Kolejne skojarzenie to turystyka i inne atrakcje.
Dawniej, w latach młodości były to tylko rzeszowskie stadiony i sport, czyli dobra męska siatkówka i żużel. Później zacząłem zauważać inne atrakcje, min. architektoniczne w postaci zamku rzeszowskiego, obłożonego ponurą sławą z lat czterdziestych i pięćdziesiątych. To także ulica 3 Mają, przy której mieścił się lokal Unii Polityki Realnej. Dla mnie urocza i fantastyczna, coś takiego jak ul. Długa w Gdańsku. No, ale przede wszystkim to "Banan", pomnik, element trwale wpisany w rzeszowski krajobraz, podobnie jak Pałac Kultury i Nauki w Warszawie.

- Pana ulubione miejsce w Rzeszowie, gdzie lubi Pan przebywać, spędzać wolny czas.

- Mogę odpowiedzieć tylko w czasie przeszłym. Obecnie moje pobyty w Rzeszowie ograniczają się wyłącznie do spotkań partyjnych lub związanych z polityką. Tych miejsc, w których lubiłem przebywać już nie ma. Pozostały jeszcze rzeszowskie stadiony i dworce, ale tam przebywałem raczej "służbowo", biorąc udział w lekkoatletycznych zawodach. Sprawiało mi to jednak wiele satysfakcji, szczególnie w przypadku zwycięstw. Na dzień dzisiejszy dobrze się czuję w obszarze starego miasta, w szczególności ulicy 3 Maja i rzeszowskiego Zamku. Ale tym stwierdzeniem prochu raczej nie odkrywam.
- Co poleciłaby Pan znajomym, którzy chcieliby odwiedzić Rzeszów.

- Jeżeli miałoby być atrakcyjnie to na pewno mecz siatkarski Resovi. Przyjemność i satysfakcja gwarantowana. Jeżeli natomiast spokojnie i również przyjemnie to "nasiadówka" w jednej z knajpek przy ul. 3 Maja. Wielka szkoda, że Unia Polityki Realnej przeniosła stamtąd swój lokal, ale prawa ekonomii są mniej przyjemne od doznań wzrokowych i smakowych.

- Co Pan ma zamiar zrobić dla Rzeszowa, gdyby został Pan eurodeputowanym.

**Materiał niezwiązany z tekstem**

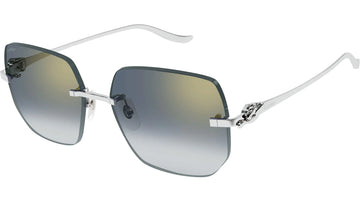 BLUE GRADIENT LENSES WITH SMOOTH SLIVER PLATINUM FRAME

- Niestety chcieć i móc to dwie różne rzeczy. Zamiar trzeba brać zawsze według swoich sił i możliwości. Osobiste zamiary w PE nie są możliwe do zrealizowania w pojedynkę. W PE liczą się tylko te najsilniejsze i najliczniejsze frakcje. Tak, że wszystko zależy od tego, do jakiej UPR by przystąpiła. W związku z tym wyliczanie w tym miejscu swoich zamiarów to czysty populizm. Myślę jednak, że można byłoby reklamować ziemię podkarpacką jak i sam Rzeszów jako rejon atrakcyjny turystycznie i gospodarczo. W tym drugim przypadku na pewno byłoby trudniej.

- Czy Rzeszów to dla Pana miejsce ważne, które ma wpływ na Pana życie i karierę.

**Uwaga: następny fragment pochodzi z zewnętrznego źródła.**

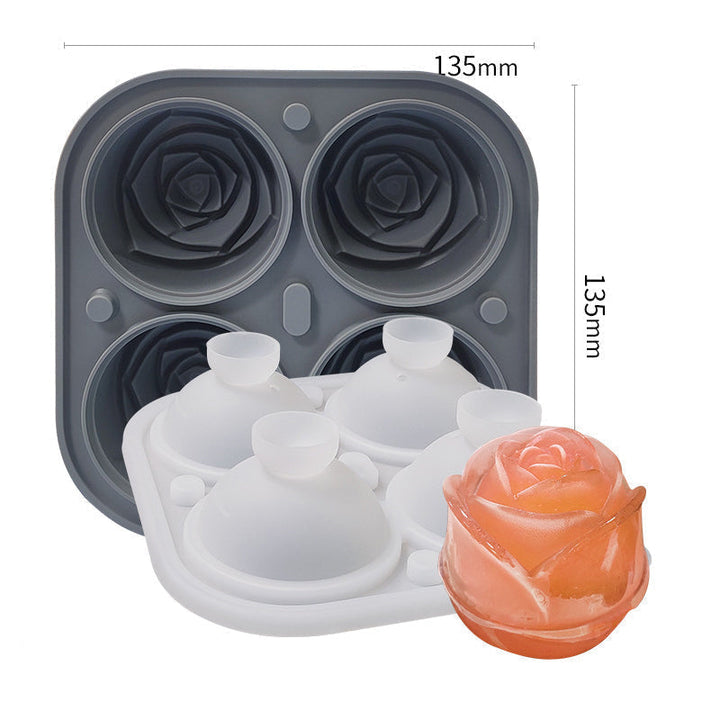 Large pink ice cube tray with 4 compartments | Kalsten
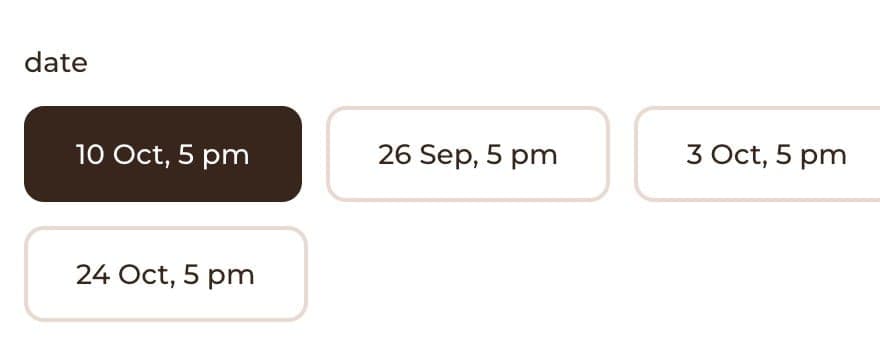 Workshop date buttons on the product page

- Na pewno miał wpływ i to bardzo duży. Mianowicie w roku 1978 chciałem po maturze dostać się na architekturę. Ale takiego wydziału pod koniec lat siedemdziesiątych w rzeszowskiej WSI (jeszcze wtedy nie Politechnice) nie było. Dlatego zdawałem egzaminy na Politechnice Śląskiej w Gliwicach. Ostatecznie dostałem się na Wydział Budownictwa tejże Politechniki i od tamtego czasu jestem jedną nogą u moich rodziców w Stalowej Woli, drugą natomiast w Siewierzu, mieście rodzinnym mojej żony. I tak obecna już Politechnika Rzeszowska umiejscowiła mnie w dwóch województwach: na Podkarpaciu i na Śląsku.

TUTAJ ZNAJDZIESZ [


listy kandydatów w wyborach do Parlamentu Europejskiego

](http://www.nowiny24.pl/wybory "listy kandydatów w wyborach do Parlamentu Europejskiego")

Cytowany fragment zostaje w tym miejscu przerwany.